Step 1: The numerator \(x^2-y^2+2ixy\) equals \(z^2\), and the denominator \(x^2+y^2\) equals \(|z|^2=z\bar z\). So for \(z\neq0\),
\[f(z)=\frac{z^2}{z\bar z}=\frac{z}{\bar z}.\]
Step 2: Write \(z=re^{i\theta}\), so \(\bar z=re^{-i\theta}\) and \(f(z)=z/\bar z=e^{2i\theta}\). As \(z\to0\) along the ray of angle \(\theta\), the value stays \(e^{2i\theta}\), which depends on \(\theta\): along \(\theta=0\), \(f\to1\); along \(\theta=\pi/2\), \(f\to e^{i\pi}=-1\). Since different directions give different limiting values, \(\lim_{z\to0}f(z)\) does not exist. Statement (I) is false.

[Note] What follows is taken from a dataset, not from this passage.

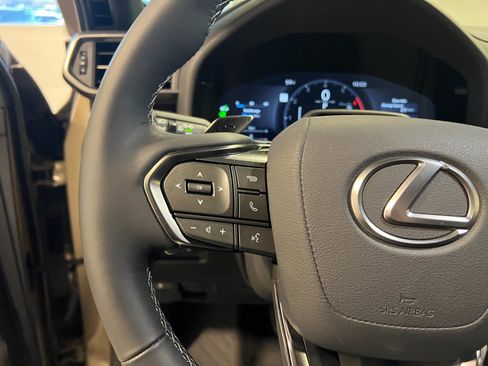 Used 2025 Lexus LX 700h Overtrail image 13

Step 3: For (II), \(f(z)=\operatorname{Re}(z)/|z|=x/\sqrt{x^2+y^2}\) for \(z\neq0\). Along the positive real axis (\(y=0,x\to0^+\)), \(f=1\); along the imaginary axis (\(x=0\)), \(f=0\). These path limits disagree, so \(\lim_{z\to0}f(z)\) does not exist, and hence \(f\) cannot be continuous at \(z=0\) no matter what value \(f(0)\) is assigned. Statement (II) is false.
Step 4: Neither (I) nor (II) is true.
\[\boxed{\text{Neither (I) nor (II) is true}}\]